Free Money to Help Finance an Engineering Education

IEEE offers scholarships, fellowships, grants, and internships

4 November 2011

As most parents and students know, tuition at top engineering schools is not cheap. For example, tuition this year for an undergraduate engineering student at MIT is US $39 000. The Imperial College of London charges $36 000, and attending Toronto’s McGill University costs $25 000. And tuition is predicted to keep rising as governments cut back on aid to schools in the struggling economy.


To help ease the financial burden, IEEE offers dozens of scholarships, fellowships, travel grants, and paid internships to engineering undergrads and graduate students. Unlike student loans, the scholarships and grants don’t have to be paid back.


Some offers are only for IEEE student members, while others carry no such restriction. Many don’t even get awarded, because no one applies for them. One of the newest programs, made available in April, is the IEEE Power & Energy Society’s PES Scholarship Plus Initiative. The IEEE PES Board of Directors approved a US$1 million grant in 2010 to seed the development of the initiative. U.S. citizens or permanent residents who are full-time students at a U.S. university or college offering undergraduate courses in power engineering are eligible for $7000. Students must be willing to take at least three power engineering courses that total nine or more credits. The student receives up to three years of financial aid: $2000 the first year, $2000 the second year, and $3000 the third year. The money is paid directly to the student, rather than to the school. Qualifying students can apply as early as their freshman year. 

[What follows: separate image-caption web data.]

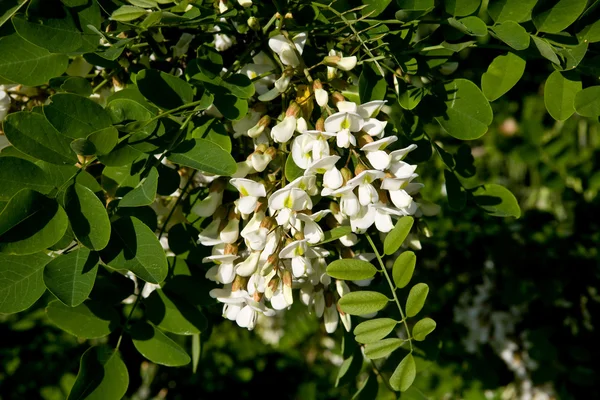 Kwiaty akacja — Zdjęcie stockowe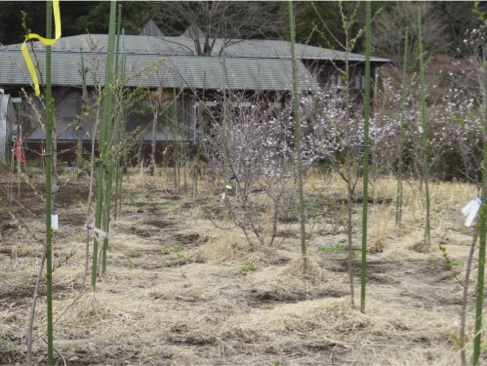 sakurak9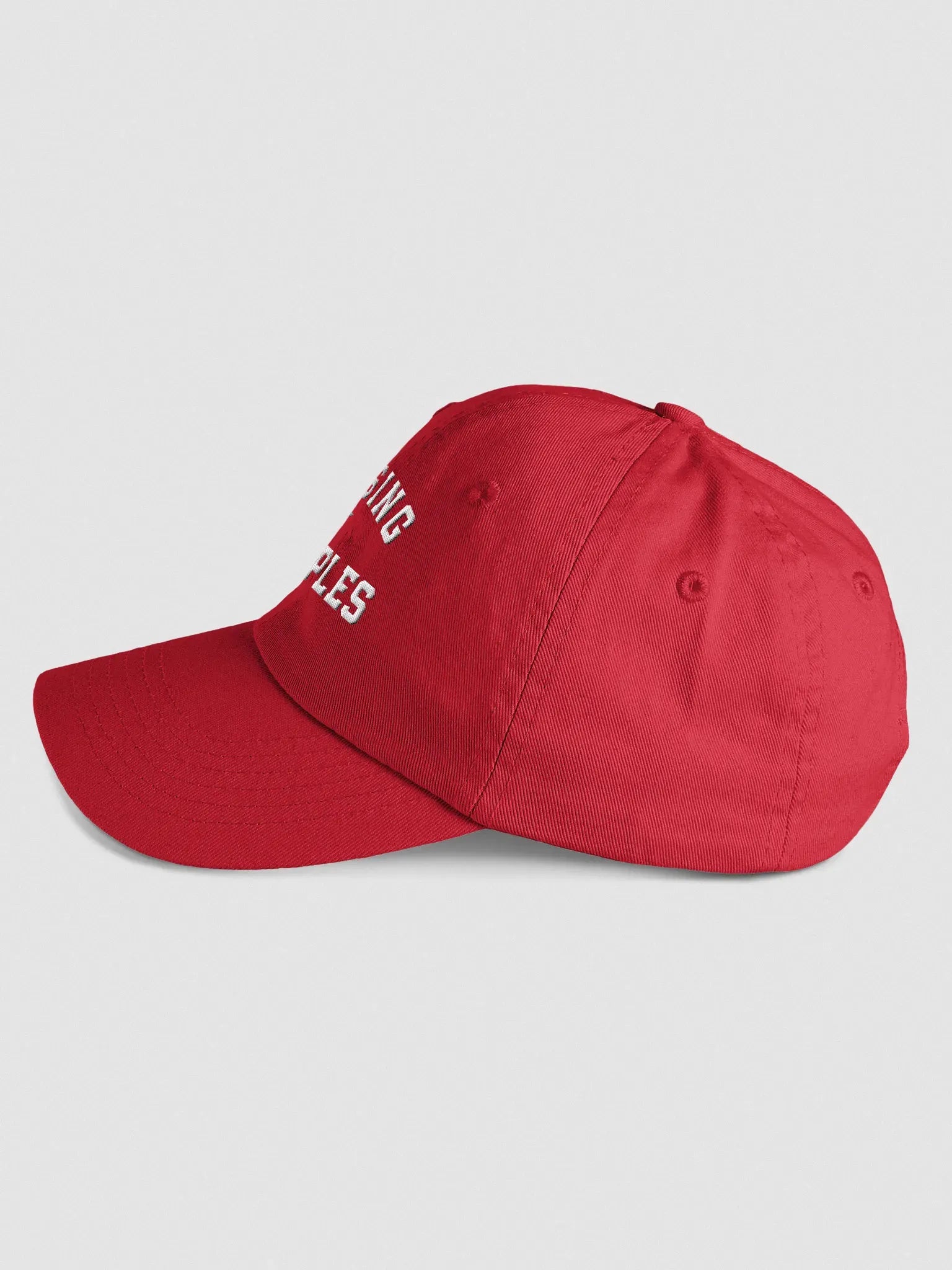 Raising Disciples Dad Hat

Here are a few other IEEE societies that offer assistance:


The IEEE Computational Intelligence Society Summer Research Grant offers $1000 to $4000 to graduate students to support their research during a summer period.


IEEE Microwave Theory and Techniques Society Graduate Fellowships
 award $5000 for research studies in microwave engineering.


The 10 IEEE Photonics Society Student Travel Grants offer up to $1500 annually to cover students’ travel expenses to present papers at IEEE Photonics Society–sponsored conferences and other venues.


STILL MORE MONEY
Other IEEE groups provide financial help.


IEEE-USA, for example, offers a news media summer internship to IEEE U.S. student and graduate student members. The student is to work full time from June to August 2012 as a reporter, researcher, or production assistant at a radio newspaper, magazine, or TV station. The fellowship includes a weekly $450 stipend and travel expenses.


The IEEE Life Members’ Fellowship in Electrical History awards a stipend of $17 000 for either one year of full-time graduate work in the history of electrical science and technology at a college or up to one year of postdoctoral research for a scholar who has received his or her Ph.D. within the previous three years. Also available is a research budget of $3000.


The IEEE Foundation and the IEEE Canadian Foundation also provide grants.


The various programs carry different application deadlines, many of which are right around the corner.